Un joven de 23 años perdió casi un millón de pesos tras ser engañado por una cuenta de ventas falsa que desapareció luego de recibir las transferencias por el equipo y un supuesto impuesto.
El comercio electrónico a través de redes sociales vuelve a estar en el centro de la polémica en el sur mendocino. En las últimas horas, un joven de 23 años, identificado como E. M., denunció ante la Comisaría 8 de San Rafael haber sido víctima de una estafa virtual de gran escala. El hecho se desencadenó cuando el damnificado intentó adquirir un teléfono celular de alta gama a través de una cuenta que aparentaba ser un comercio legítimo, pero que resultó ser una fachada para el fraude.
El engaño del pago adicional por IVA
La modalidad delictiva comenzó con una transferencia inicial de $811.999 por el valor del equipo móvil. Sin embargo, una vez concretado el pago, los estafadores contactaron a la víctima para exigirle un desembolso extra de $167.790 bajo el concepto de «pago de IVA» y gastos de envío. Bajo presión y con la promesa de que el producto sería despachado de inmediato, el joven completó la segunda transacción, sumando una pérdida total cercana al millón de pesos.
Desaparición de la cuenta y bloqueo del comprador
La sospecha de fraude se confirmó al día siguiente de las operaciones. Al intentar realizar el seguimiento del envío, el denunciante constató que la cuenta vendedora había sido eliminada de la red social y toda la conversación de mensajería privada había sido borrada por el autor del hecho. Sin productos recibidos y bloqueado de cualquier canal de contacto, el joven acudió a las autoridades judiciales. El caso ya se encuentra bajo la órbita de la Oficina Fiscal de San Rafael para el rastreo de las cuentas bancarias implicadas.
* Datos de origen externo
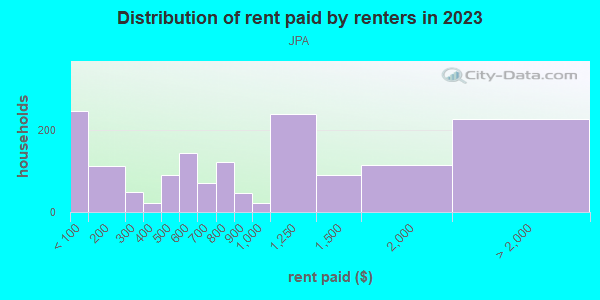 Rent paid by renters in 2013 in JPA in Charlottesville neighborhood in VA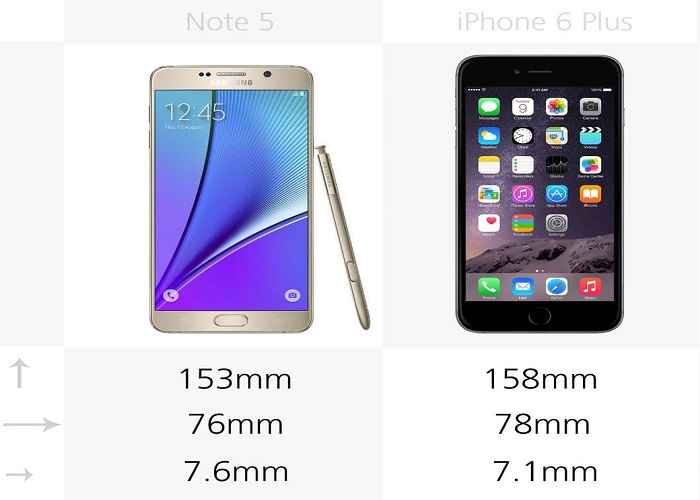 So sánh chi tiết giữa Galaxy Note 5 với iPhone 6 Plus - 1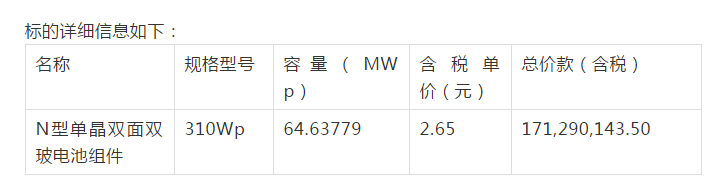 2.65元/瓦！中來股份與國家電投簽署65MW 310Wp N型單晶組件合同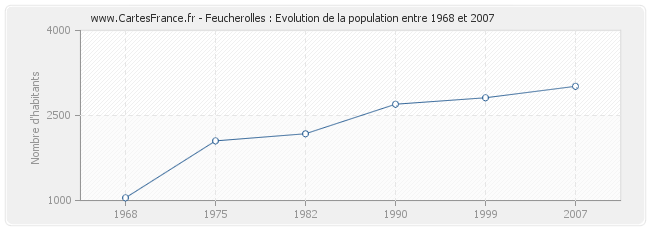 Population Feucherolles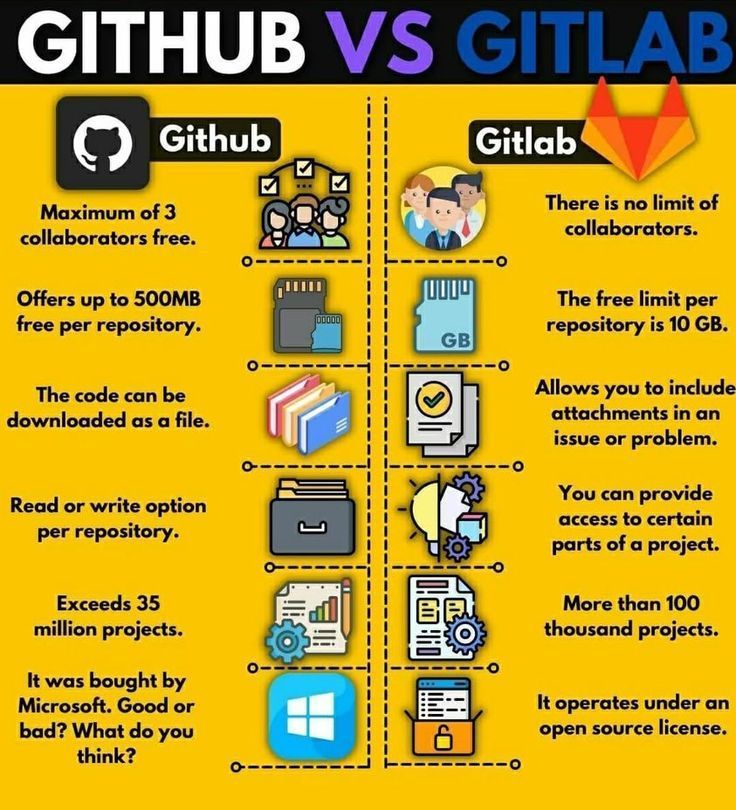 Image result for GitHub vs GitLab: Best DevOps Platform? infographics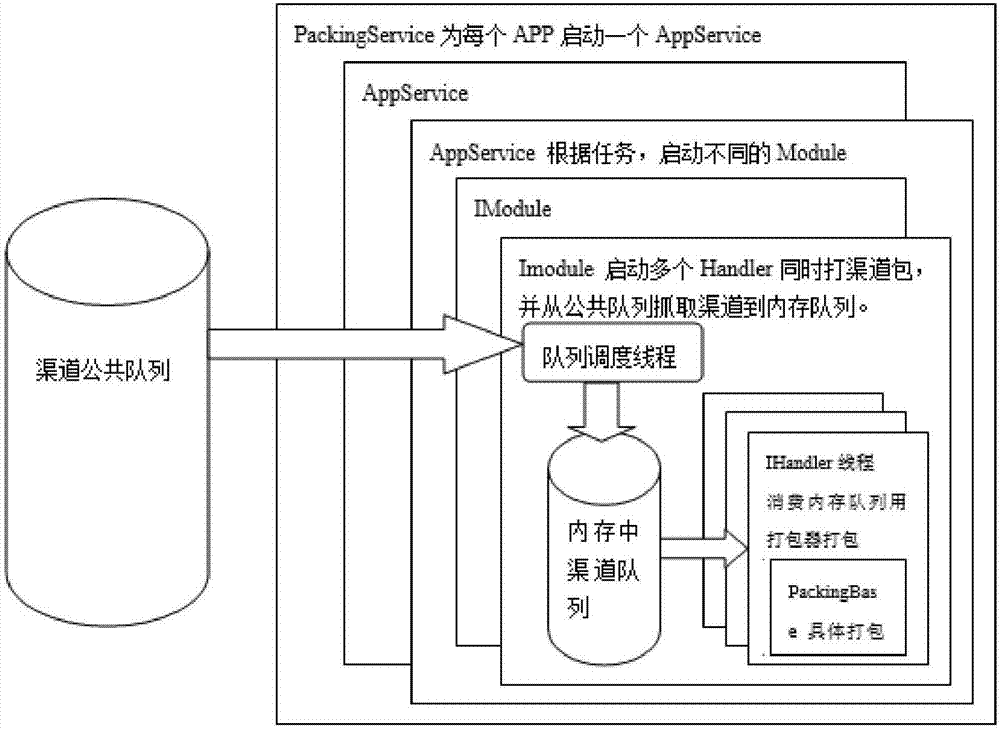 Extensible efficient APP channel package packing platform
Recomendaciones para compras seguras en internet
Desde las áreas de Delitos Tecnológicos de la Policía de Mendoza, se recomienda extremar las precauciones al realizar compras de alto valor en plataformas no oficiales. Es fundamental verificar la antigüedad de las cuentas, evitar transferencias directas a personas físicas si se trata de un supuesto local comercial y, sobre todo, desconfiar de pedidos de pagos adicionales por impuestos que deben estar incluidos en el precio final. El uso de plataformas que retengan el pago hasta la recepción del producto sigue siendo la opción más segura para el consumidor.